Je weiter sie Temperatur allerdings steigt, desto weiter verschiebt sich auch die Polarfront und wird schließlich auch wieder in einen für die Albatrosse ungünstigeren Bereich gelangen.

Ameisen als Erdbeben-Warnsystem

Auch die Tierchen, die dem Geologen Professor Doktor Ulrich Schreiber von der Universität Duisburg-Essen etwas über die Prozesse in unserer Erde verraten, brauchen keinen Peilsender, der Informationen in den Weltall schickt. Seine Forschungsobjekte wären dafür viel zu klein. Auf Expeditionen hat Schreiber erkannt, dass Ameisen ihre Haufen nicht etwa nach Lichtverhältnissen oder Waldboden wählen. Sie bauen sie über Erdrissen, aus denen Gase aus dem Inneren der Erde aufsteigen. So verraten sie uns, wo der Boden brüchig ist und Messungen über Erdbewegungen lohnenswert sind, erklärt Schreiber:

Sie müssen sich das so vorstellen, wir haben ein Brett und versuchen das zum Brechen zu bringen und wir hören schon von früh an, das es knistert, dass es knackt. Und so müssen wir das eigentlich auch für die Kruste sehen, da passiert sehr viel, doch wir haben es noch nicht geschafft mit unseren Geräten diese Stelle zu finden, wo es eigentlich passiert. Das ist die Chance, die ich sehe, dass man also an erster Stelle den Standort nutzt, den uns die Ameisen vorgeben, dann eine Vielzahl von Geräten dazu schaltet und die Ameisen selbst noch beobachtet.

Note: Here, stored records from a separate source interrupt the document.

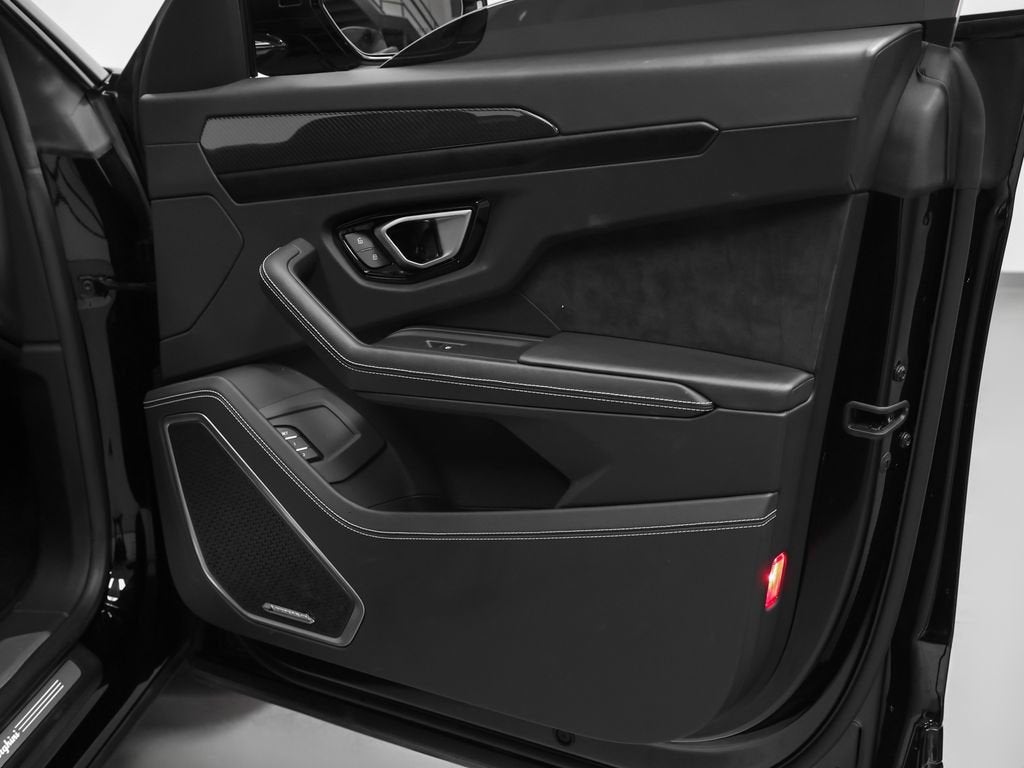 2022 Lamborghini Urus Base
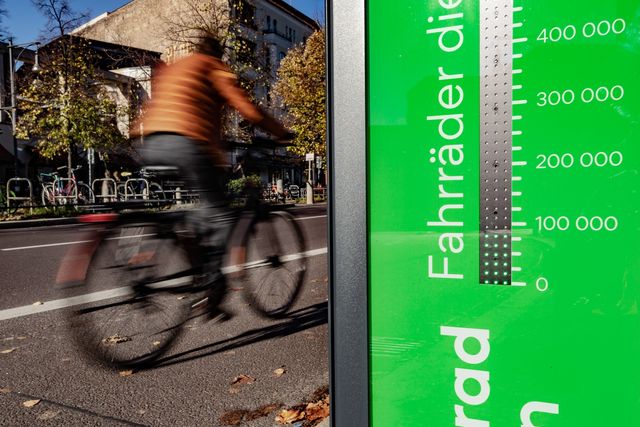 Fahrradbarometer mit digitaler Anzeige der Radfahrenden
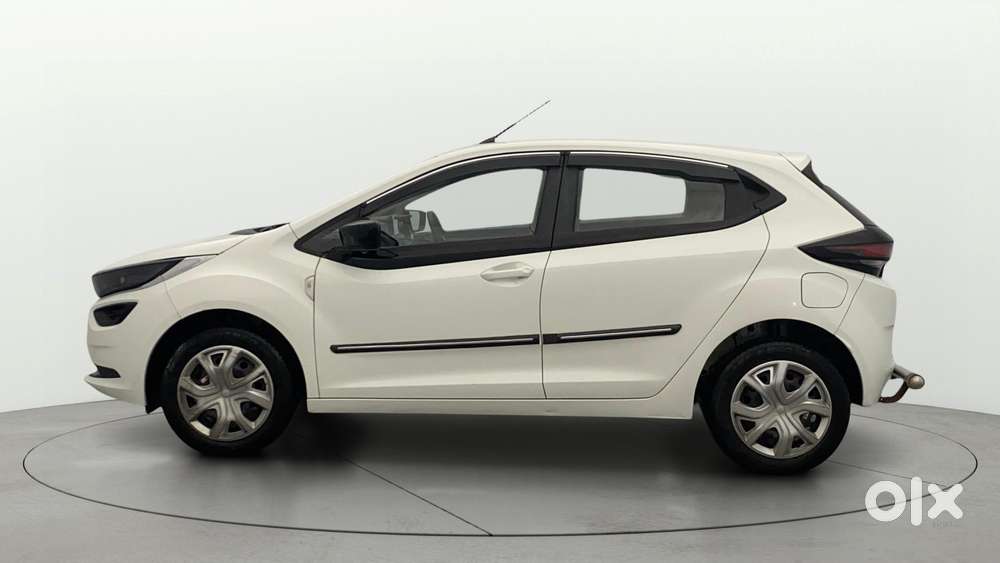 Tata Altroz Xm Plus Icng, 2024, Cng & Hybrids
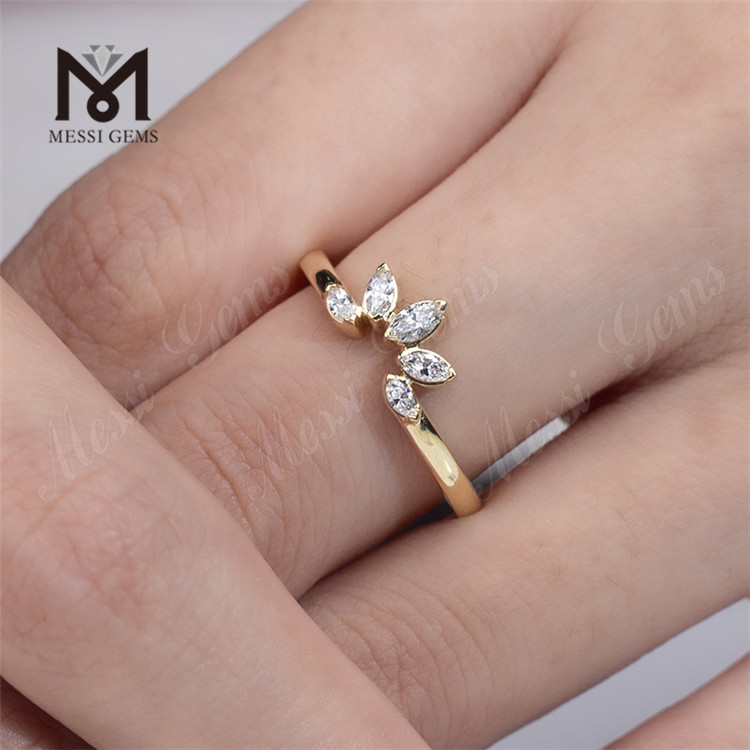 マーキスダイヤモンドの結婚指輪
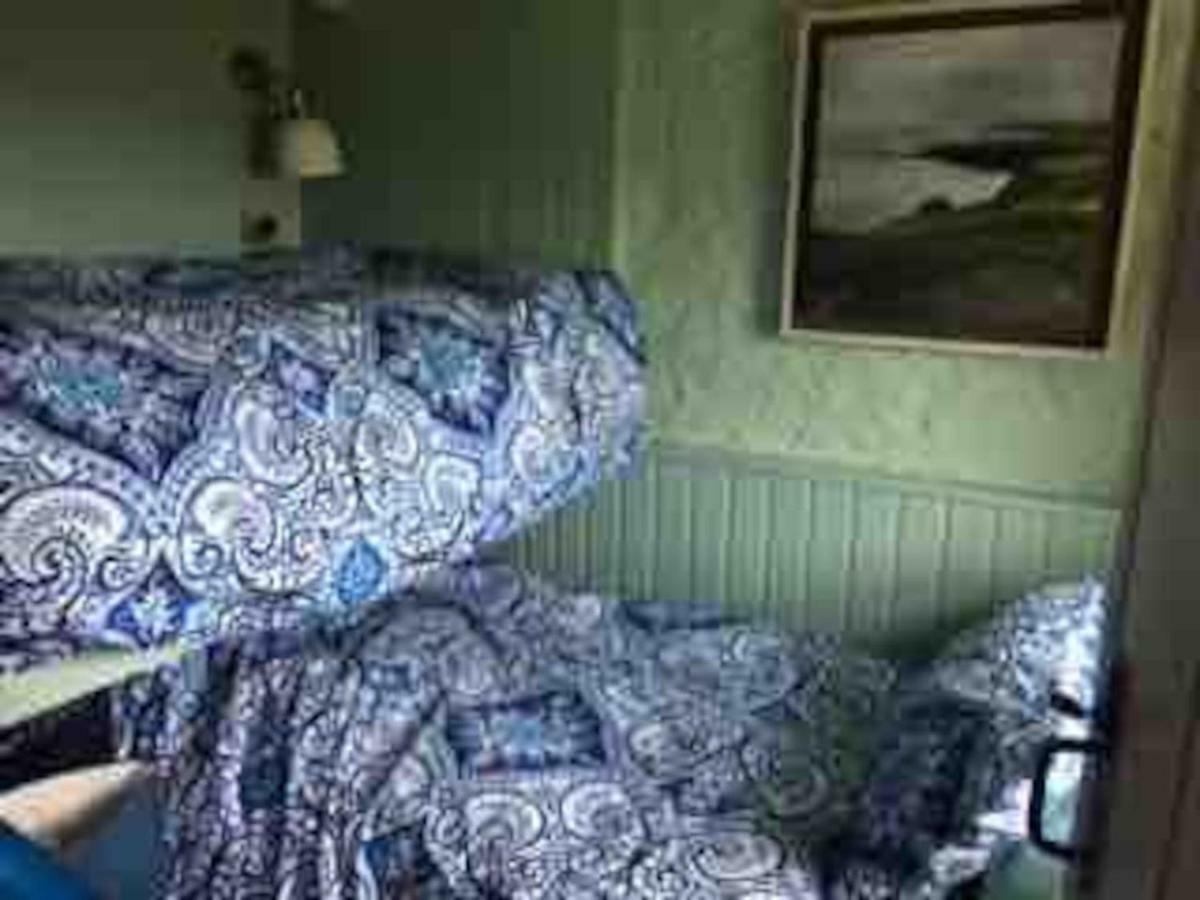 1 Bryn Tirion Uchaf Villa Пълхели Екстериор снимка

ARD Buffet, Bieratlas, Bier

Können Ameisen bald als Frühwarnsystem bei Erdbeben zum Einsatz kommen?

Vielleicht könnten Ameisen irgendwann helfen, Erdbeben voraussagen. Um dem auf die Spur zu kommen, würde Schreiber seine Forschung gerne auch in Erdbebengebieten durchführen, etwa in den Abruzzen, der Türkei oder Kalifornien. Dafür fehlen ihm im Moment aber die Mittel.